> [WHAT YOU WILL DO] Using the listing below, set down exactly the lines from the one that contains "Customer connections |" through the one that contains "second grade exploring", with no pictures.

> [PROVIDED DATA]
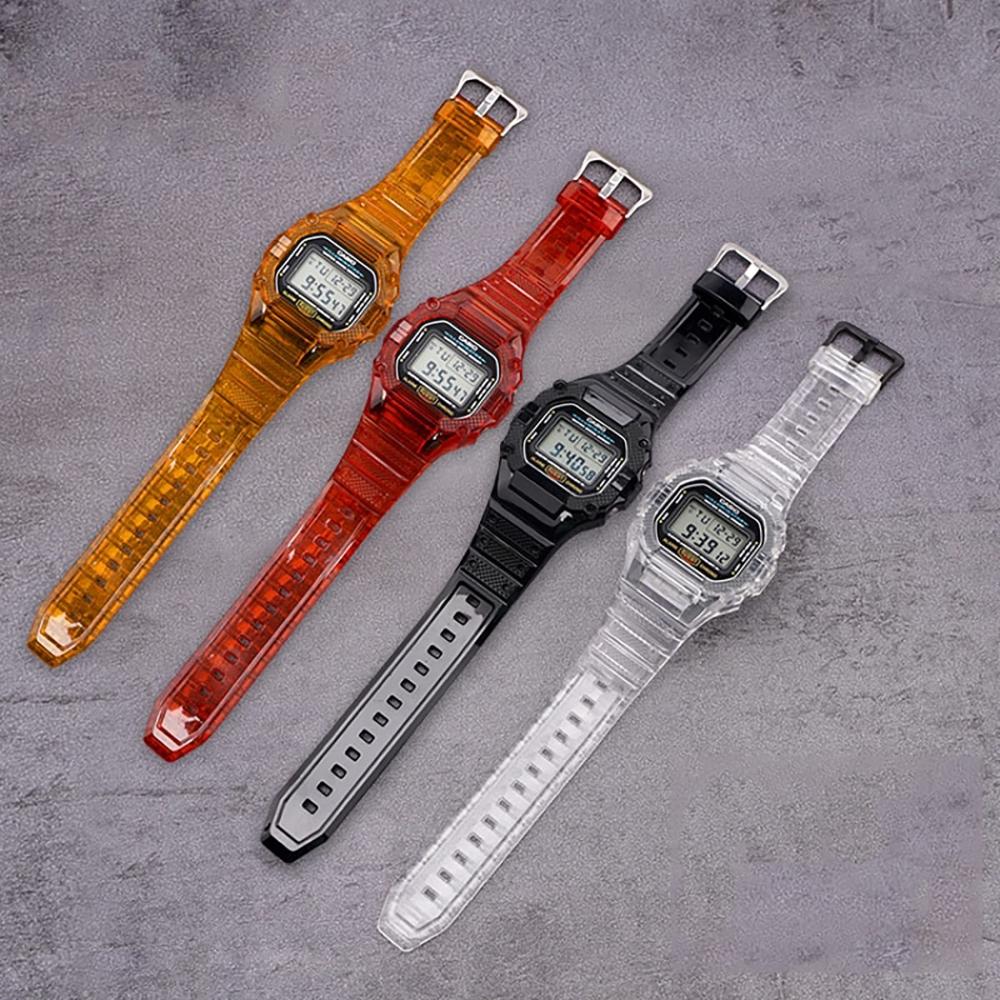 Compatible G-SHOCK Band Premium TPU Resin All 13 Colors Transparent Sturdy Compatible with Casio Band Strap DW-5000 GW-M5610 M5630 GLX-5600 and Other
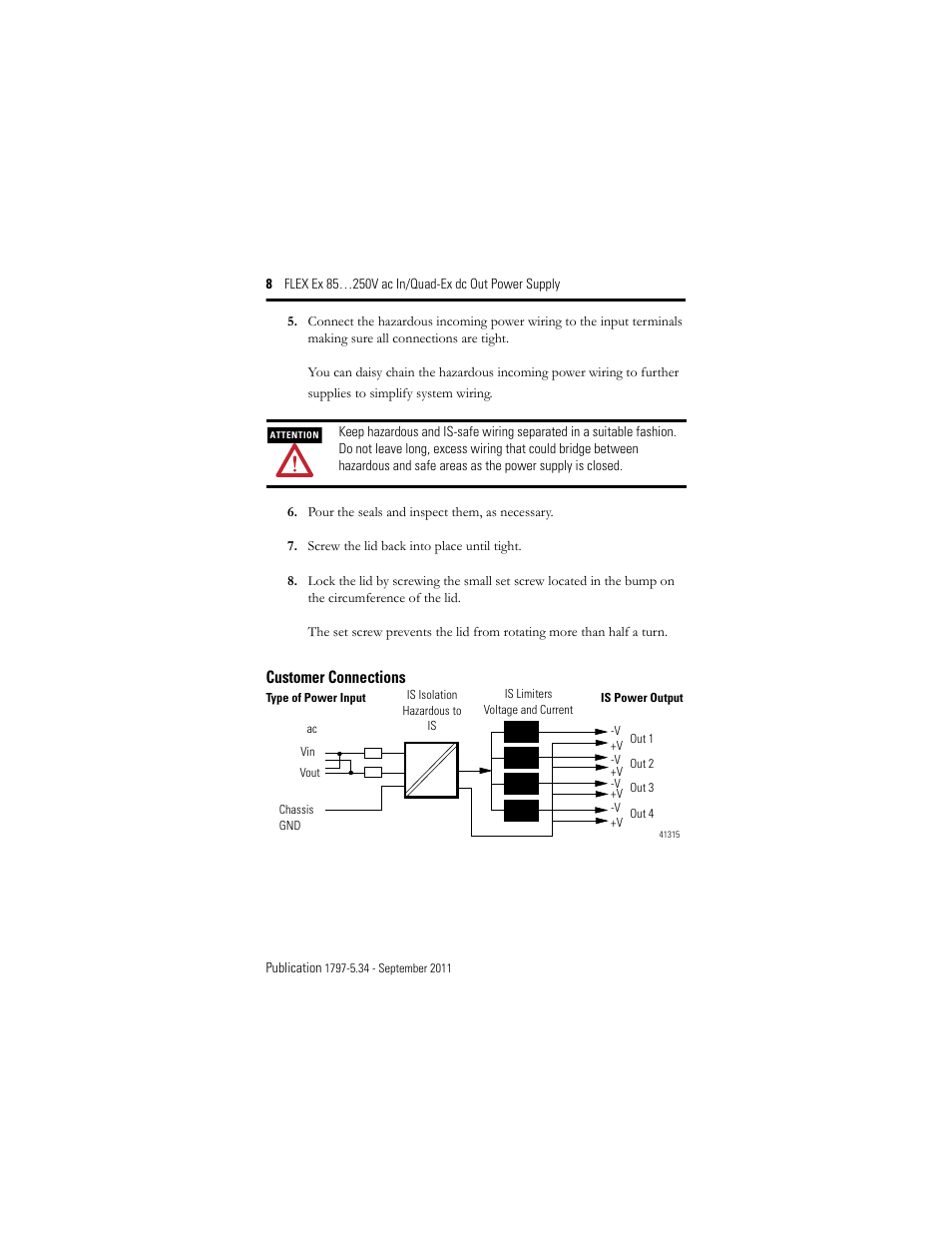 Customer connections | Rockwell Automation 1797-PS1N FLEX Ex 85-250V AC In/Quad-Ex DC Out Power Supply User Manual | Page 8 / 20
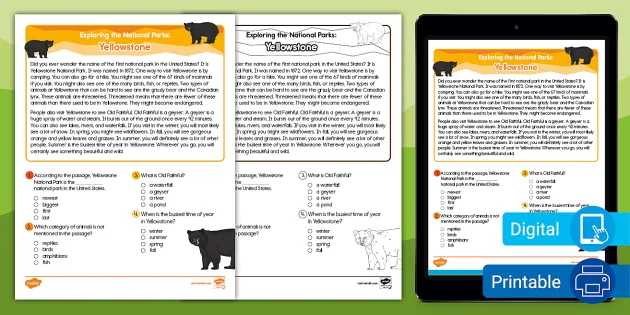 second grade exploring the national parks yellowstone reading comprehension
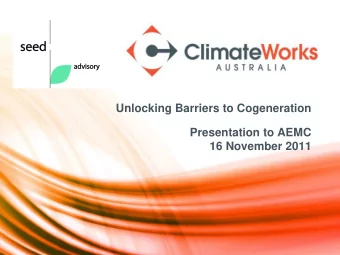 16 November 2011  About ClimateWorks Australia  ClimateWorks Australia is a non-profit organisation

> [ANSWER AREA]
 Customer connections | Rockwell Automation 1797-PS1N FLEX Ex 85-250V AC In/Quad-Ex DC Out Power Supply User Manual | Page 8 / 20
 second grade exploring the national parks yellowstone reading comprehension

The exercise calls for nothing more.